Yet belief is so important, and in fact is step one of the 9 steps of leadership I write about in Unlikely Leaders. Everything starts with belief. It fortifies us. It gives us hope.

If your belief in yourself is low, these mindset myths might be the reason. Let’s uncover some of them and see what reframe might be more empowering.

Mindset Myth 1.
I need proof from my own life that I can do this, before I even start

How many times have you wondered whether something new might be possible for you, and then you stop that train of thought and ignore the bubble of excitement or awe, because you look back through your history and think it’s not possible?  We constantly judge our present ability through how we did in the past. If you want to be more visible at work, with this mindset you’ll not take opportunities to speak or express a counter view. You’ll think about your experience or the last time you tried that and it wasn’t a success, and give up.

I know it’s a popular wisdom that ‘past predicates future’ – but this is not the Truth. Don’t look to the past. Stand in your most powerful present and act from there. Build your new belief brick by brick through the actions you take. This then grows belief and creates a powerful future.

The new mindset might be:

Every day is a new chance to explore and live a larger life. Every day I can take a new step that builds my belief and abilities.”

Mindset Myth 2.
I need to dim my belief, because I don’t want to be seen as ‘up myself’ (urban dictionary meaning smug; arrogant; self-satisfied.)
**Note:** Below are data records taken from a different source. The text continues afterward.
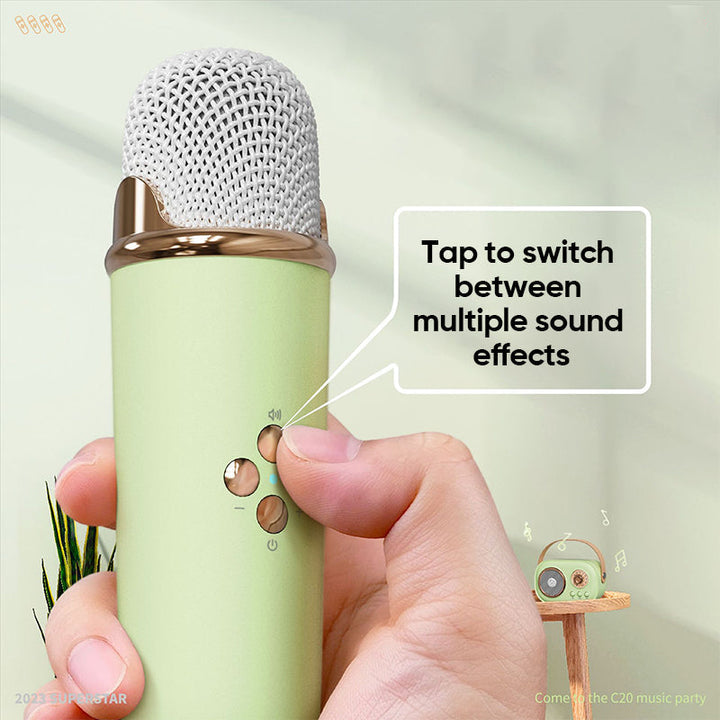Front view of a blue kids' karaoke speaker with mesh grille, control panel, and a wireless mic.
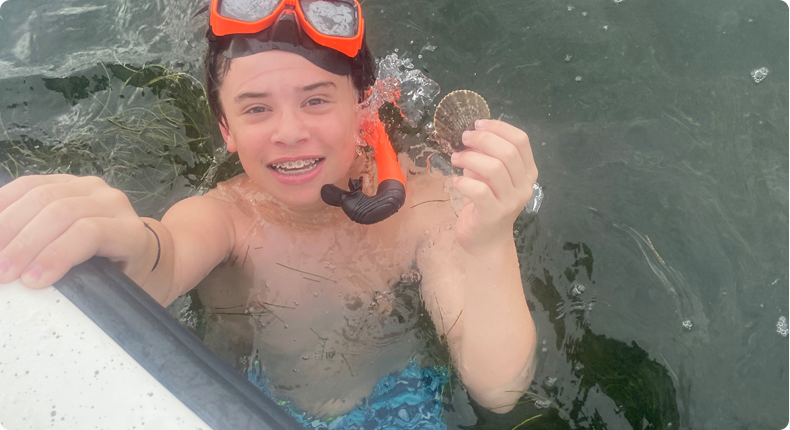 A picture of Why Scalloping Is The Perfect Family-Friendly Activity with Crystal River Fishing Charters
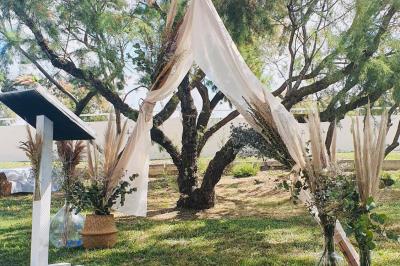 Chemin en gravier bordé de barrières en bois, entouré d'arbres et d'herbe sous un ciel dégagé.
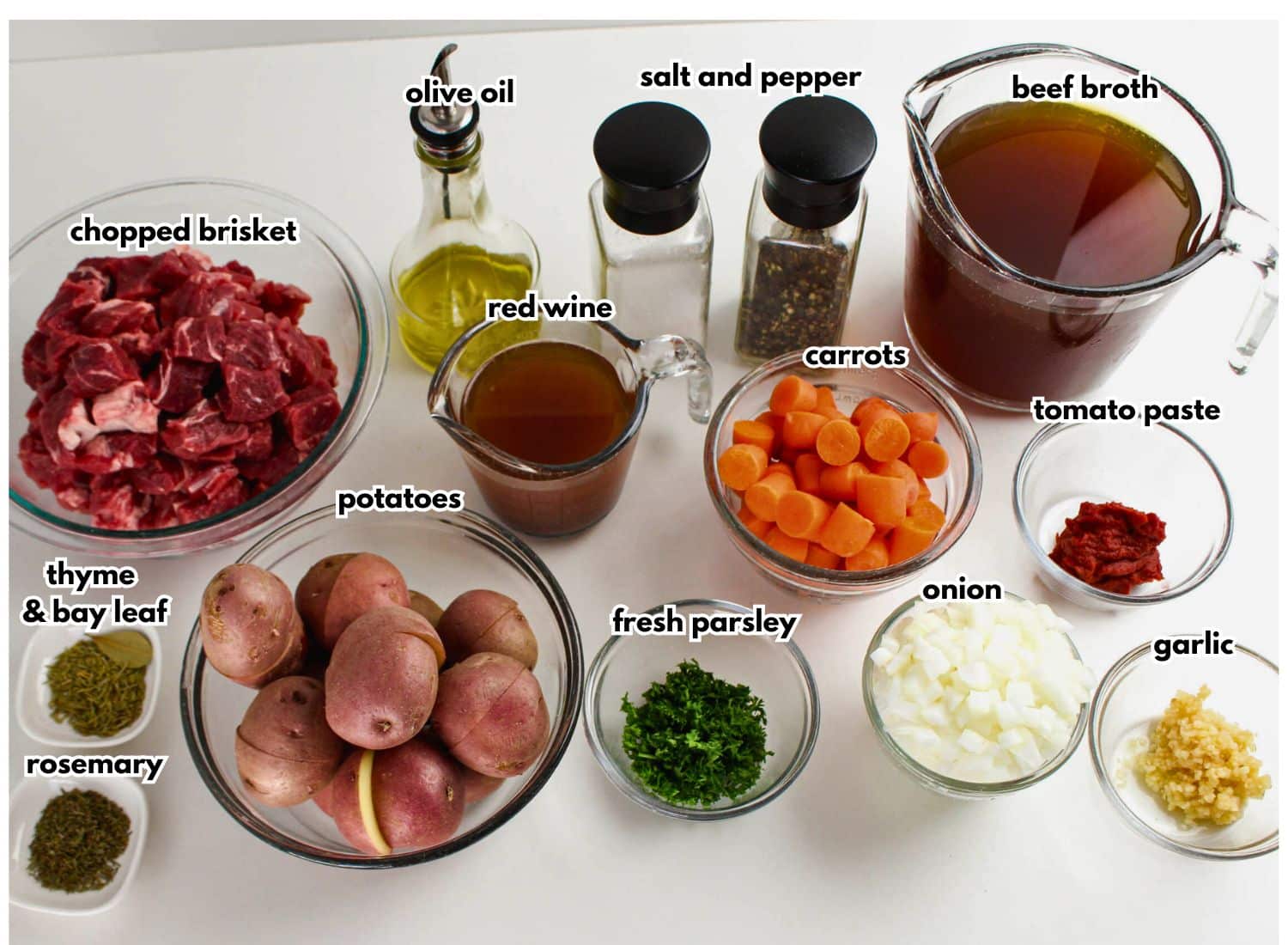 Ingredients for beef brisket stew arranged on countertop including brisket, potatoes, carrots, broth, and herbs.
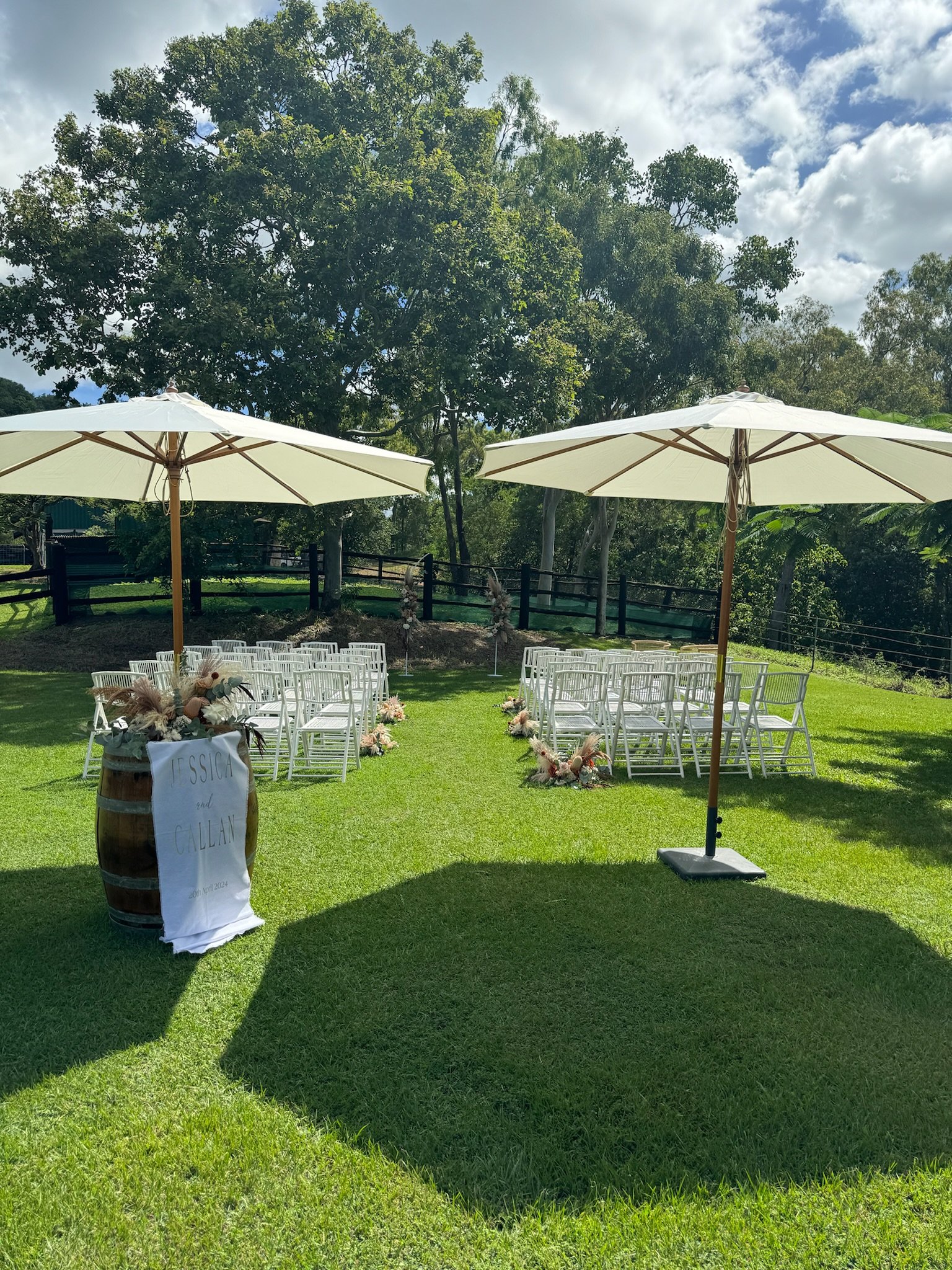 Outdoor wedding or event setup with white chairs arranged on grass, decorated with floral arrangements, two large white umbrellas, a wooden barrel with a sign reading 'Jessica and Callan,' and a scenic backdrop of trees and a partly cloudy sky.
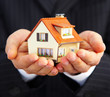 Hand of the businessman with the house...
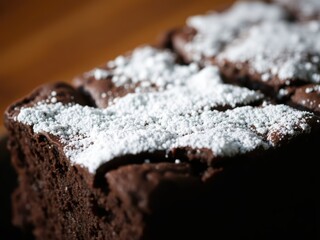 Fototapeta premium Chocolate Brownie Dessert with Powdered Sugar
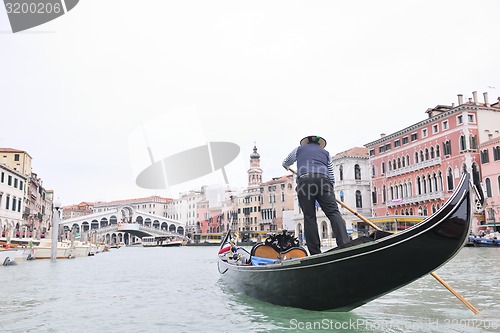 Image of venice italy, gondola driver in grand channel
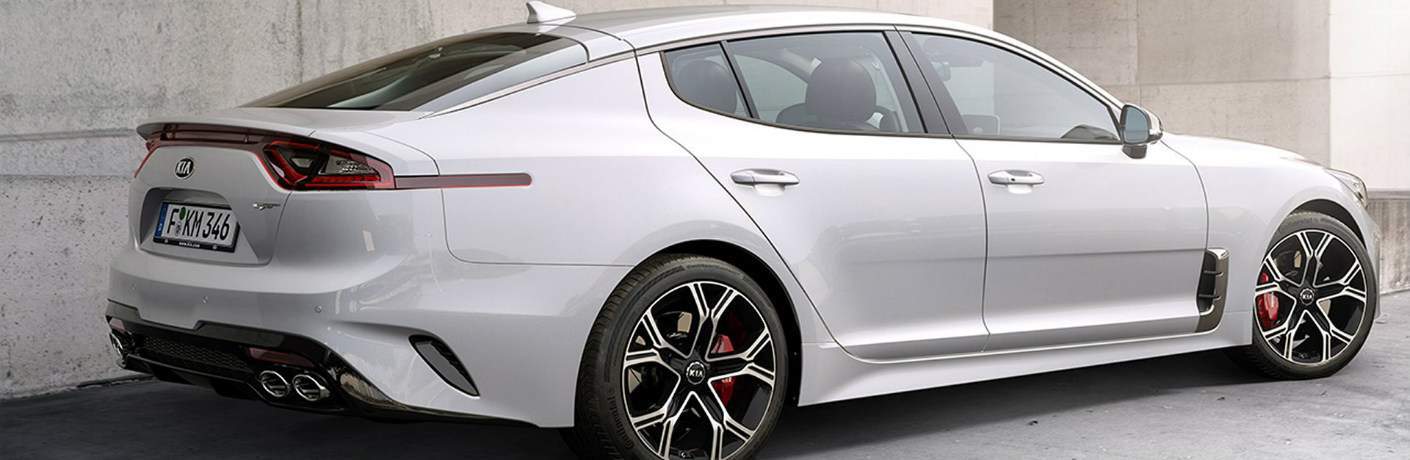 white 2018 Kia stinger parked outside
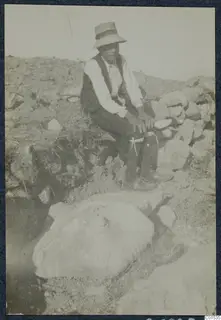 Person in a wide-brimmed hat seated beside a large stone block in a trench at Vouni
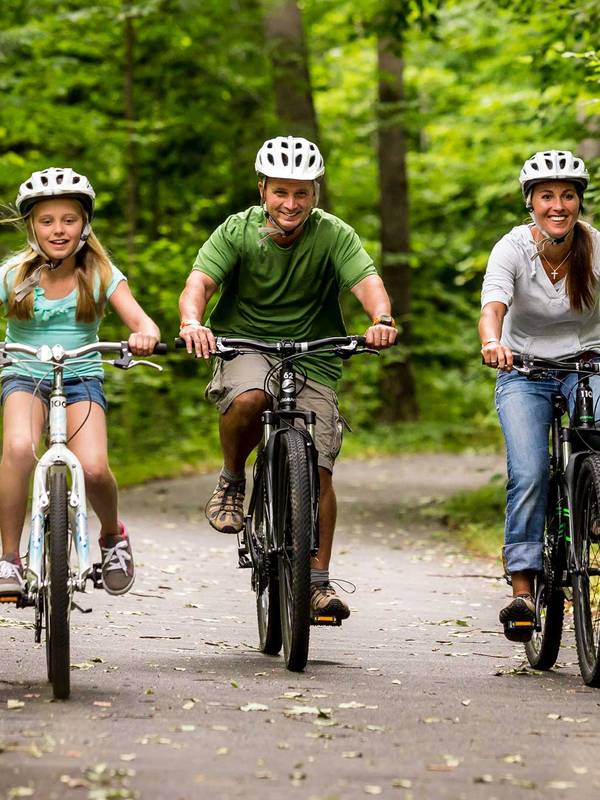 Family riding bikes on a paved bike path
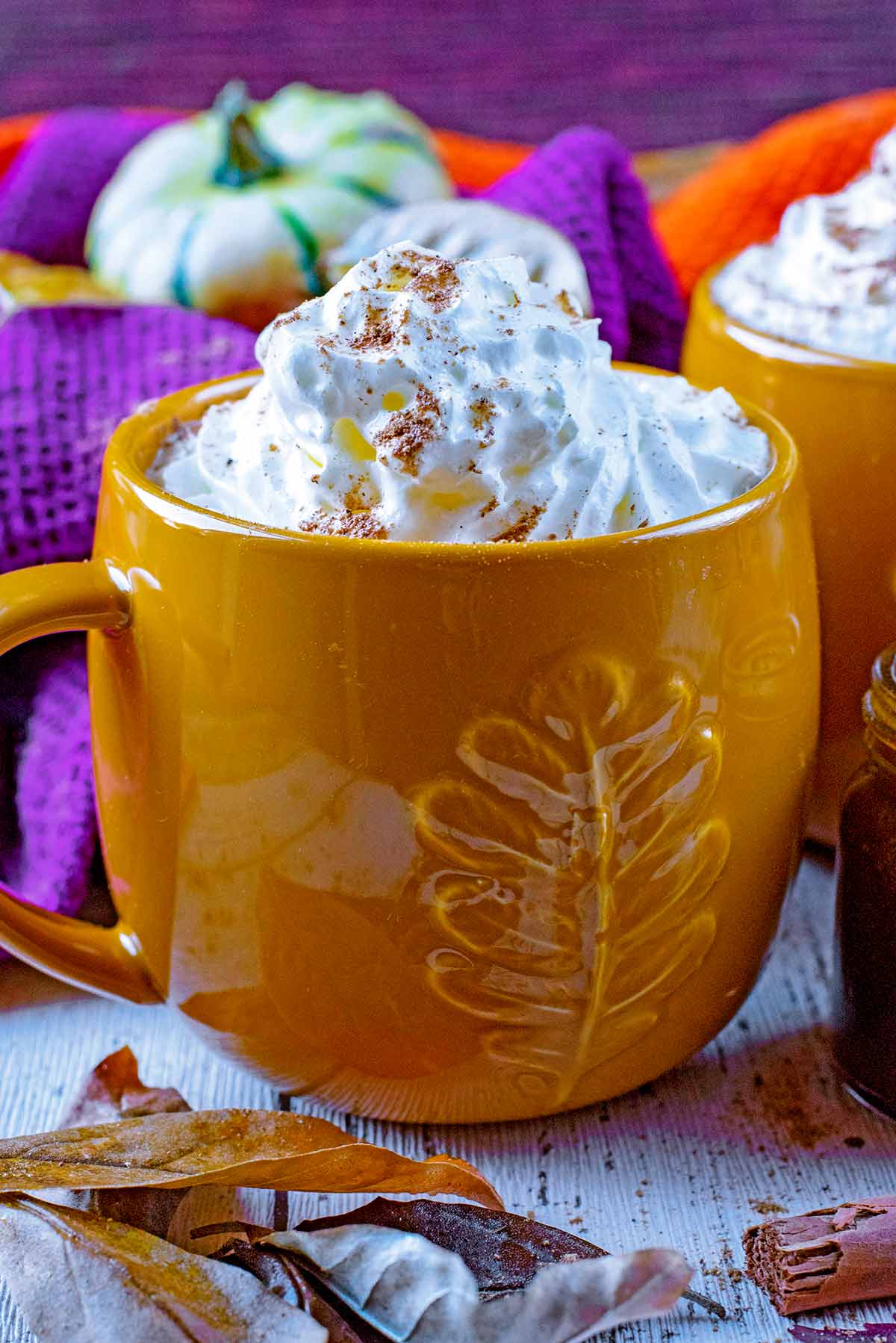 A mug of cream topped pumpkin spiced latte.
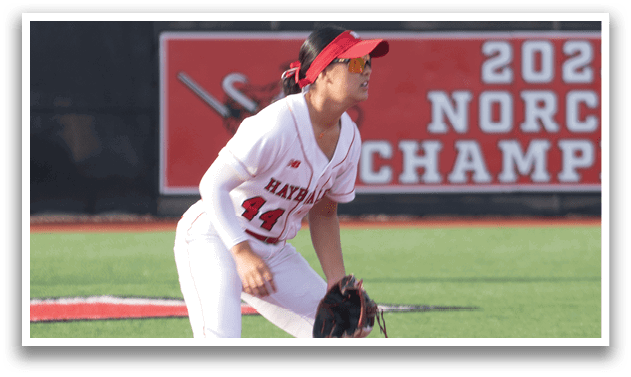 Two female baseball players on a field, one running towards the base. AI generated content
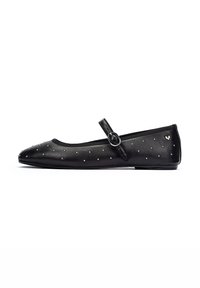 Bailarinas de cuero negro con punta redondeada, una correa estrecha con una hebilla plateada y tachuelas decorativas en la parte superior.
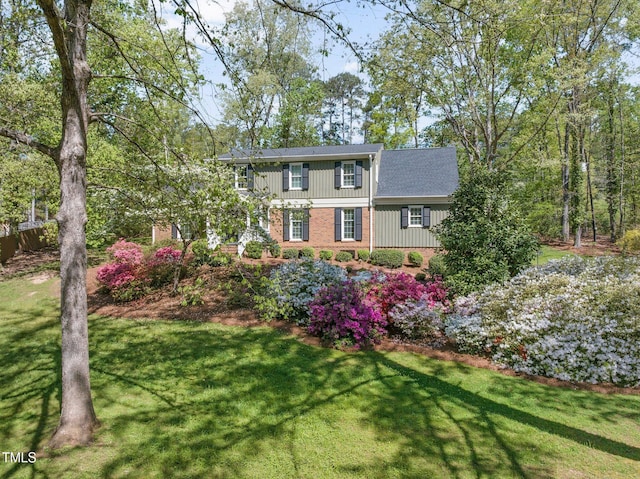 1302 Hermitage Rd, Sanford, NC 27330 - view of front of home featuring a front lawn and brick siding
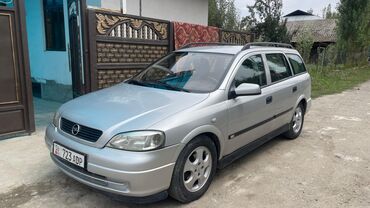 шины на 13 размер: Серебристый универсал Opel Astra, оснащенный багажником на крыше для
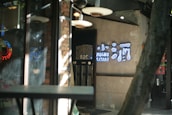 A dimly lit entrance to a restaurant or bar with a rustic interior featuring brick walls and soft lighting. A neon sign with Asian characters and the text 'Mochu Kitori' is mounted on the wall. There are reflections on glass surfaces creating a layered, slightly hazy effect.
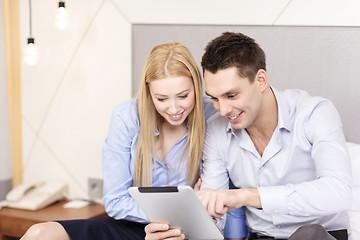 Image showing couple with tablet pc computer in hotel room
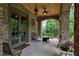 Inviting covered porch featuring a ceiling fan, brick accents, and outdoor seating area at 1640 Nottingham Ne Way, Atlanta, GA 30309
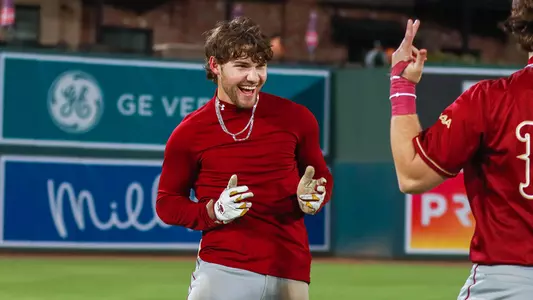 Jake Amman celebrating a walk off win Feb. 27 against JMU.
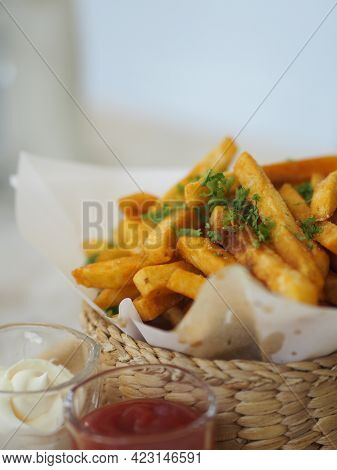 French Fries, Potato Chips Yellow Crispy Fries In Wooden Basket With Tomato Sauce And Mayonnaise In 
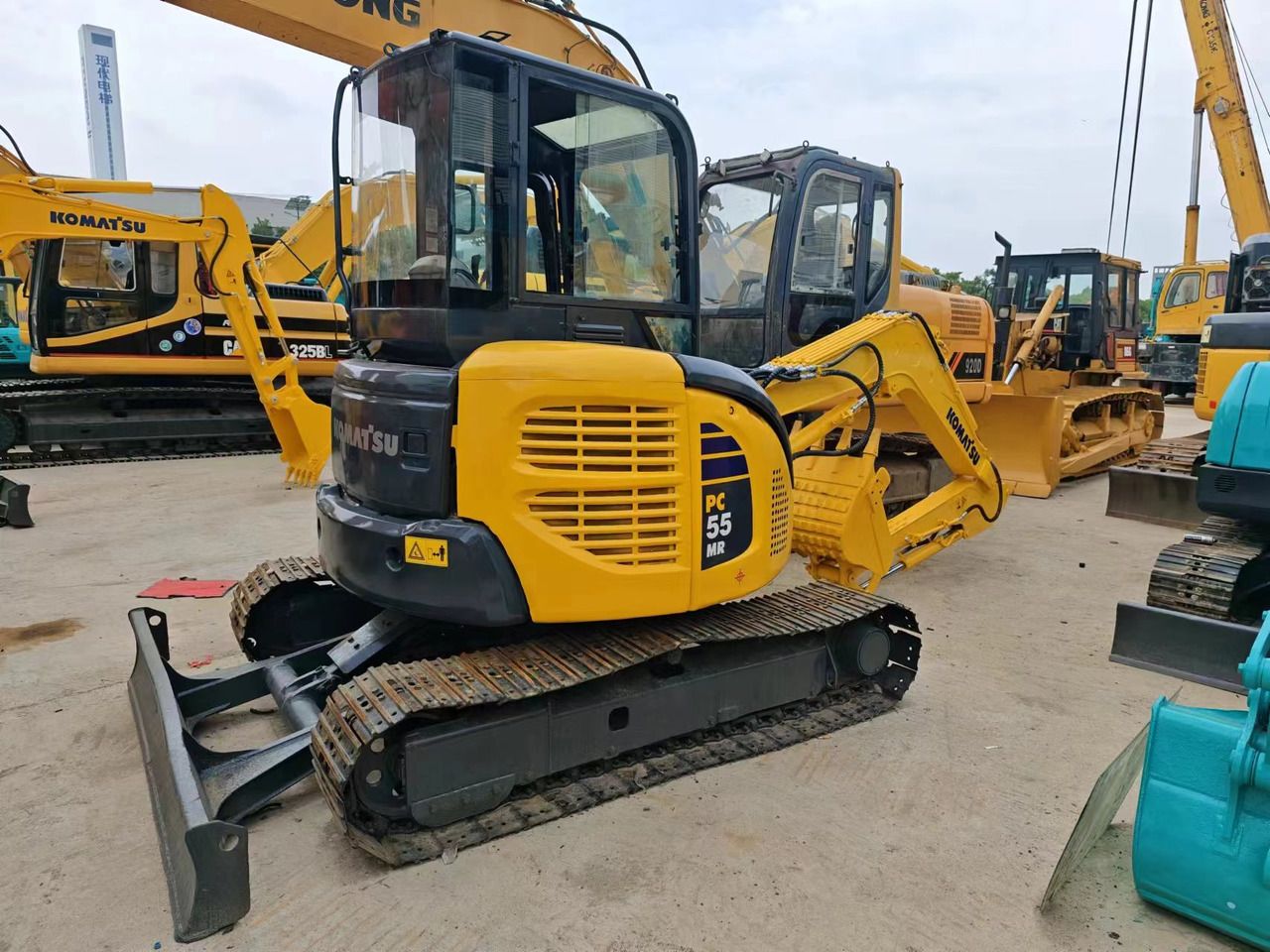 2018 Komatsu PC55MR-2 mini excavator, rear three-quarter view 2018 Komatsu PC55MR-2 mini excavator, rear three-quarter view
Lack of self belief can be a form of false modesty.
No-one likes a blowhard or someone inflated with their own self importance.  We’ve all had that work colleague who was so full of their own sense of misplaced brilliance, (which particularly galls when it’s unwarranted given what they had actually achieved.) In our desire to not be that person, we double down on modesty. This is especially true for women who have a culturally attuned default for second guessing ourselves and down playing what we can do.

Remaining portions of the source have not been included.